Another embodiment is directed to a method of sealing a junction between adjacent wellbores, comprising: placing a whip stock in a parent wellbore and using the whip stock to place a dissolvable sealing joint into a liner in a secondary wellbore. The dissolvable well joint is connected to a packer assembly and comprises a junction subassembly having upper and lower portions and a fluid port located therein, the lower portion having a no-go shoulder defining a tapered end; and a sealing member located about the tapered end and adjacent the no-go shoulder, wherein the junction subassembly is comprised of a dissolvable material. The method further includes pumping an isolation fluid through the fluid port to seal a junction region located adjacent the parent and secondary wellbores, dissolving the packer assembly and the junction assembly, and removing the whip stock.

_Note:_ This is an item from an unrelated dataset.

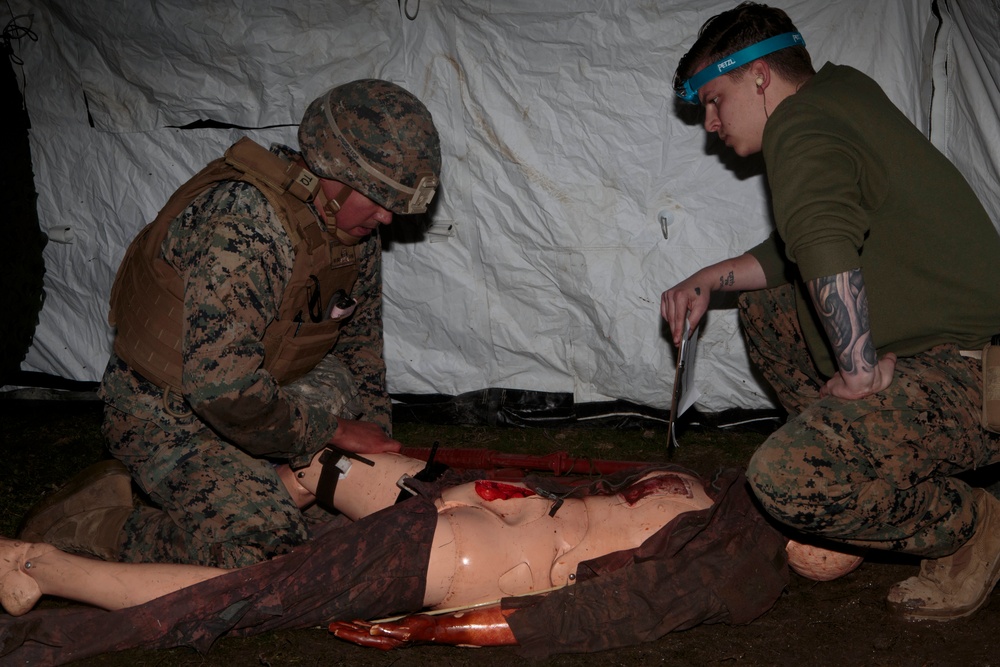 Marines Take on Combat Lifesaver Course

Each of the foregoing embodiments may comprise one or more of the following additional elements singly or in combination, and neither the example embodiments or the following listed elements limit the disclosure, but are provided as examples of the various embodiments covered by the disclosure:
Element 1: wherein the fluid port is a fixed, open port.
Element 2: wherein the junction subassembly is comprised of connectable sections, and the hollow upper portion is connected to at least one or more sections that form the lower portion of the junction subassembly.

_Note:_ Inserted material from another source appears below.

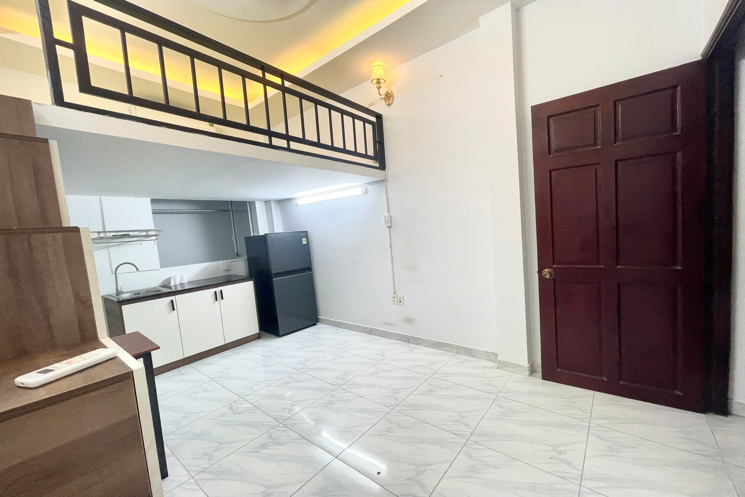 Ở Không Gian Gấp Đôi – Trả Giá Chỉ Một Nửa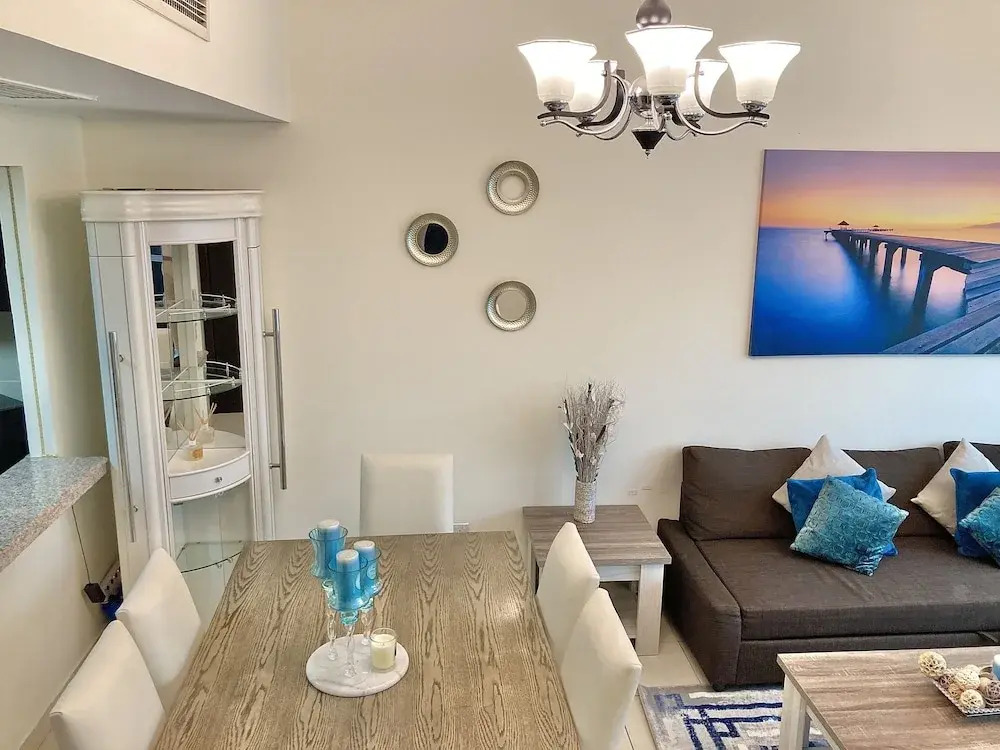 Whitesage - Marina Gem, Fancy Apartment with Waterfront Views, Dubai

Element 3: wherein the at least one or more sections are hollow.
Element 4: wherein the tubular is a unitary, integrally formed body.

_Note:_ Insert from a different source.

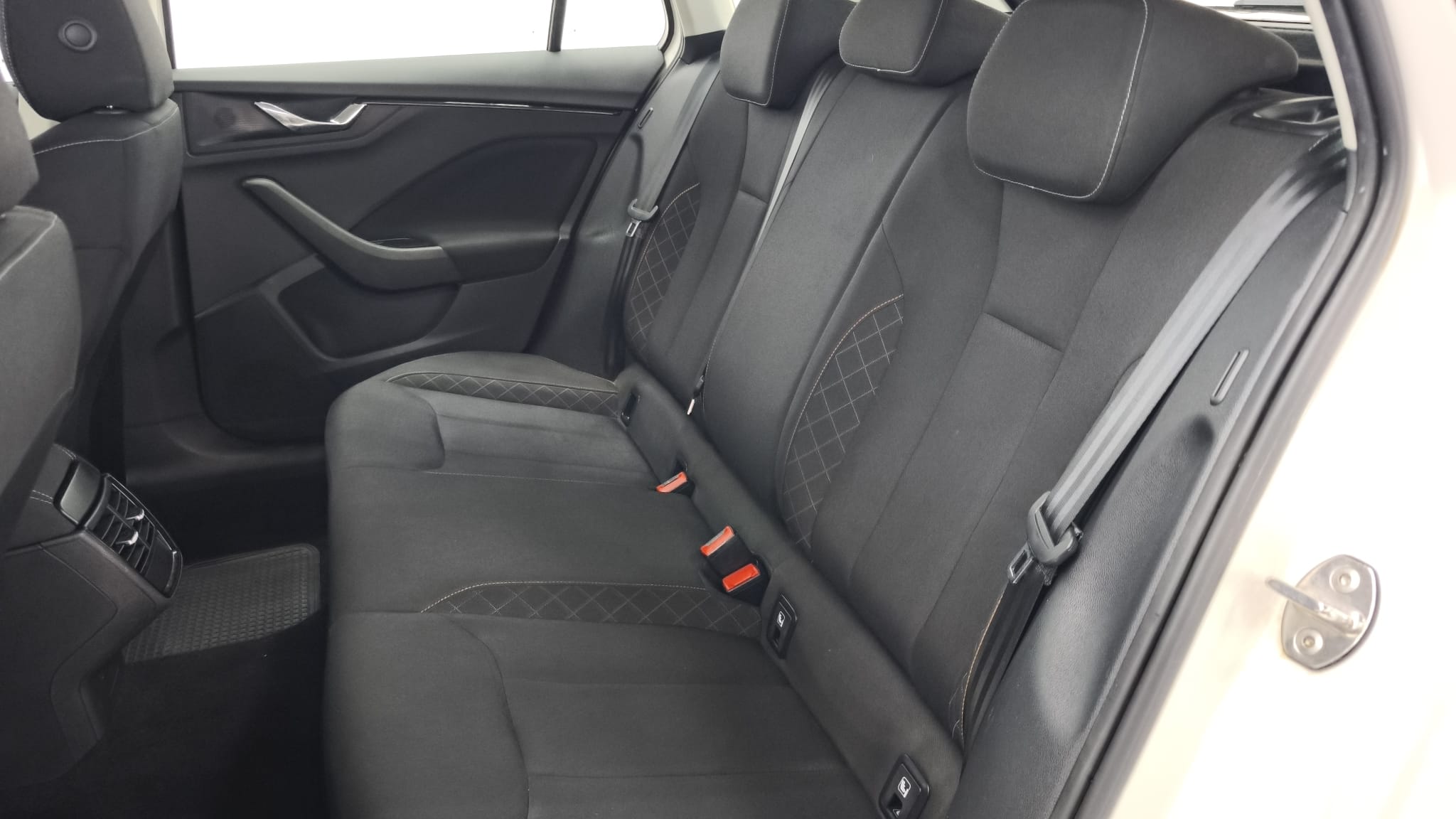 Škoda Kamiq - Foto 11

Element 5: wherein the junction subassembly is comprised of a metal or metal alloy, elastomeric or rubber material.
Element 6: wherein the metal comprises aluminum or magnesium.
Element 7: wherein the metal alloy is calcium-magnesium (Ca—Mg) alloys, calcium-aluminum (Ca—Al) alloys, calcium-zinc (Ca—Zn) alloys, magnesium-lithium (Mg—Li) alloys, aluminum-gallium (Al—Ga) alloys, aluminum-indium (Al—In) alloys, aluminum-gallium-indium alloys (Al—Ga—In), or combinations thereof.
Element 8: wherein the junction subassembly is comprised of an organic polymer.
Element 9: wherein the organic polymer is a polymeric composition.
Element 10: wherein the polymeric material is a cross-linked polymer, thermoplastic or elastomer.
Element 11: wherein the junction subassembly is comprised of epoxy or a nano-structured material.
Element 12: wherein the lower portion includes angled sections.
Element 13: wherein the junction subassembly is coupled to a drillable packer or drillable cement plug.
Element 14: wherein dissolving includes chemical dissolution of the junction subassembly or mechanical disintegration of the junction subassembly.
Element 15: wherein dissolving comprises exposing the junction subassembly to a catalyst solution that reacts with the composition of the junction subassembly which dissolves the junction subassembly, wherein the catalyst solution is hydrochloric acid, nitric acids, sulfuric acid, potassium chloride, tetrahydrofuran (THF), methyl acetate (MA), isopropanol and methanol or any combination thereof.
Element 16: wherein mechanical disintegration comprises drilling-out the junction subassembly.
Element 17: further comprising removing the whip stock from the parent wellbore.
Element 18: further comprising removing the whip stock by chemical dissolution, mechanical disintegration, or physical removal of the whip stock from the parent wellbore.